• **About this exercise**
Print the lines that run from the line with "Okay, so for" to the line with "Welcome back guys, this", keeping both end lines, exactly as they appear in the entries below, and nothing else.

• **Data listing**
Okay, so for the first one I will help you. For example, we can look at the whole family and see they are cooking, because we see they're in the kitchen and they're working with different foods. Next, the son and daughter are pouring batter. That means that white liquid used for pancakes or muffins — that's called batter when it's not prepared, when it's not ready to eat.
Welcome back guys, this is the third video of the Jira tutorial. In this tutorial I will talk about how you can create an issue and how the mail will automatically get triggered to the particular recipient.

...

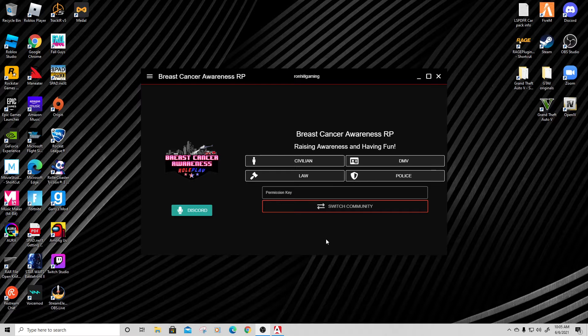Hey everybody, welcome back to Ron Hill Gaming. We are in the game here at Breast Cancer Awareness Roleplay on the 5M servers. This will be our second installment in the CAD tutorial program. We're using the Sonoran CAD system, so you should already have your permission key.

---

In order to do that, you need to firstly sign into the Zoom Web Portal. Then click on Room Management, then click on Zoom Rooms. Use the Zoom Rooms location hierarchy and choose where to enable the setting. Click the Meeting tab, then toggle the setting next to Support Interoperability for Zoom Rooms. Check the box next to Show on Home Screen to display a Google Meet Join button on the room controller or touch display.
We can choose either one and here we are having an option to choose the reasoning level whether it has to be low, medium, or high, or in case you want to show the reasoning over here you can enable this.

• **Completed exercise**
Okay, so for the first one I will help you. For example, we can look at the whole family and see they are cooking, because we see they're in the kitchen and they're working with different foods. Next, the son and daughter are pouring batter. That means that white liquid used for pancakes or muffins — that's called batter when it's not prepared, when it's not ready to eat.
Welcome back guys, this is the third video of the Jira tutorial. In this tutorial I will talk about how you can create an issue and how the mail will automatically get triggered to the particular recipient.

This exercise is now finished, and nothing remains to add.